First, the same question:
The whole way through, I found myself wondering why I couldn’t experience Edith Finch as a traditional time-based narrative. Real-time rendering tools are as good as pre-rendered computer graphics these days, and little would have been compromised visually had the game been an animated film. Or even a live-action film. After all, most films are shot with green screens, the details added in postproduction. The story is entirely linear, and interacting with the environment only gets in the way, such as when a particularly dark hallway makes it unclear that the next scene is right around the corner.
Then, his observation:
The gag of a game with no gameplay might seem political at first, but it quickly devolves into conceptualism. What Remains of Edith Finch picks up the baton and designs a different race for it. At stake is not whether a game can tell a good story or even a better story than books or films or television. Rather, what it looks like when a game uses the materials of games to make those materials visible, operable, and beautiful.
[…]
What are games good for, then? Players and creators have been mistaken in merely hoping that they might someday share the stage with books, films, and television, let alone to unseat them. To use games to tell stories is a fine goal, I suppose, but it’s also an unambitious one. Games are not a new, interactive medium for stories. Instead, games are the aesthetic form of everyday objects. Of ordinary life. Take a ball and a field: you get soccer. Take property-based wealth and the Depression: you get Monopoly. Take patterns of four contiguous squares and gravity: you get Tetris. Take ray tracing and reverse it to track projectiles: you get Doom. Games show players the unseen uses of ordinary materials.
To this point we largely agree. But then our conclusions diverge. He thinks that games should “abandon the dream of becoming narrative media and pursue the one they are already so good at: taking the tidy, ordinary world apart and putting it back together again in surprising, ghastly new ways.” But this ignores the fact that a story can be the basis of a game without being the only, or even the most important, thing about it. Put another way, story can be a useful and enjoyable pretext without being the point.
To see this is the case, look to film. Story isn’t the point of many films: It’s the skeleton they hang on, giving them their shape, serving as an organizing principle. Most people find it hard to watch a movie without a story, but what those same people carry with them when they walk out of the theater are the impressions of individual shots, a single phrase spoken by a beautiful person, snippets of music—the essence of cinema, made digestible by virtue of the framework a story provides. They might also carry with them a feeling of catharsis, but ask them about the twists and turns of the plot that led to it, and you’ll likely get some embarrassed mumblings as people realize they have trouble remembering the supposed point of the past two hours.

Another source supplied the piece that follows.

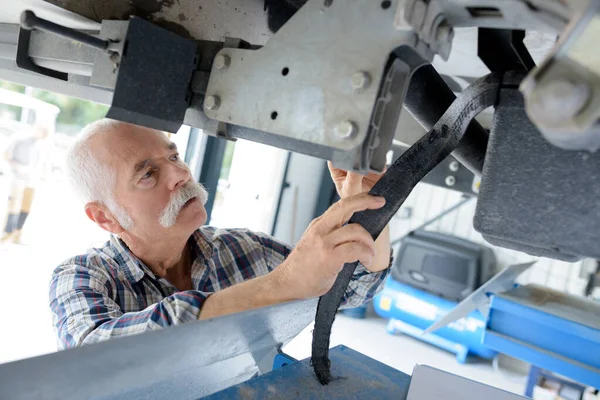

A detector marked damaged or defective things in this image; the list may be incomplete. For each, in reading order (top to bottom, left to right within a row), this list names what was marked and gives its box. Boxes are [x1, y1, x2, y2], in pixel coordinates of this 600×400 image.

rusty metal surface [43, 0, 274, 44]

Novels provide another example. True, the point of a Dan Brown book is indeed the story, and you race through it as quickly as you can to get to the payoff. But in literary fiction, the story is once again the pretext—it’s not unimportant, but if there is a “point,” it is found at the level of the sentence, or the phrase.
Games can be, and are, as a much a narrative medium as films and novels—which is to say, only partially, but that part is important.